Example: grad school doesn’t stop in the summer. I have a major theory paper due at the end of the month. So much for collaboration as my topic as discussed before. It was back to the drawing board and on to leadership, since that’s the topic I’m teaching in October. Made sense to “double dip” vis à vis the research. Plus there’s this new book I really wanted to get on Jewish approaches to leadership. Since I was originally interested in the topic of servant leadership, as one theory, here's my chance to look for Jewish alternatives and approaches to leadership.

Example: bedtimes. #1 and #2 would stay up all night. Only Abba can get them into bed before midnight. But if Abba isn't around, some how threatening, cajoling, bribing and pleading doesn't seem to do the trick. I can't convince either #1 or #2 to get some sleep so on the morrow they won't be threatening, cajoling, bribing and pleading with me on every single subject.

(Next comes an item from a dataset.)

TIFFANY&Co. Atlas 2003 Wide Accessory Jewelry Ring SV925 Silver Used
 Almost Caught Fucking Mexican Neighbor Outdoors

Now looking at our community...

Tragedies have the potential to bring out the best in people – and the worst. You read about these situations (hopefully more good than bad) each day in Jewish press. No surprises there. We all know the media will drop a story as soon as something more flashy or sordid comes along.

But, back home, we're all left holding the bag – and each other. I can only hope that in the days, weeks and months ahead our community can reassess and reprioritize. As I sit here, on the cusp of Tisha B'Av, I remember some childhood stories: Kamsa and Bar Kamsa and the one about feathers and lashon hara. I also comfort in the tale of two brothers. Obviously the first two are cautionary tales: don't do this at home folks. The third illustrates and reminds us of our potential. It's how we should act – even if, too often, we miss the mark.

Even though we're tired here, stretched thin and doing our best to pull together, may we focus our efforts on acting like those two brothers. If we have any hope of achieving peace and learning to understand each other, this is the only way.